┌─ Data for this exercise
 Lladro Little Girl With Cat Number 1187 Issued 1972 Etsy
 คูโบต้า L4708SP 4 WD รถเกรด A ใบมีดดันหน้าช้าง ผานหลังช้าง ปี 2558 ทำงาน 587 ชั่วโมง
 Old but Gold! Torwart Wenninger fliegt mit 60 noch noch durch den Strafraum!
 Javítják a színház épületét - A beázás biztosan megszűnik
└─
┌─ Data for this exercise
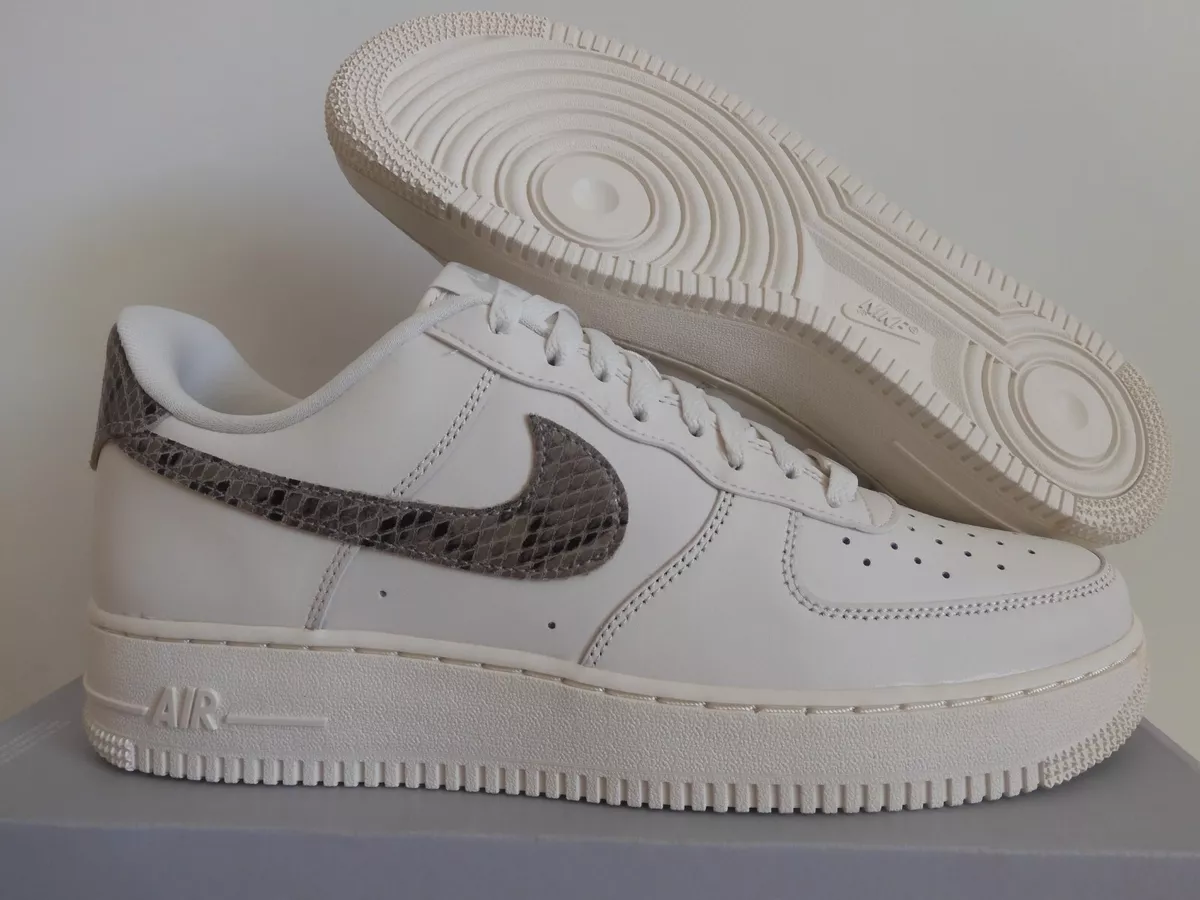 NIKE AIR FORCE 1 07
└─
┌─ Data for this exercise
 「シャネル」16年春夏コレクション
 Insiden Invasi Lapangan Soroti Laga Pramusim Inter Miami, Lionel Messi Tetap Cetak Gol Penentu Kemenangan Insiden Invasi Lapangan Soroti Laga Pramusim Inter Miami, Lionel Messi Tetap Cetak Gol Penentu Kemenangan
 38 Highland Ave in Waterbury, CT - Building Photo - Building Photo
└─
Task directions
Print the lines above from the one with "Lladro Little Girl" through the one with "Javítják a színház", both included, exactly as written and nothing more.

Finished exercise
 Lladro Little Girl With Cat Number 1187 Issued 1972 Etsy
 คูโบต้า L4708SP 4 WD รถเกรด A ใบมีดดันหน้าช้าง ผานหลังช้าง ปี 2558 ทำงาน 587 ชั่วโมง
 Old but Gold! Torwart Wenninger fliegt mit 60 noch noch durch den Strafraum!
 Javítják a színház épületét - A beázás biztosan megszűnik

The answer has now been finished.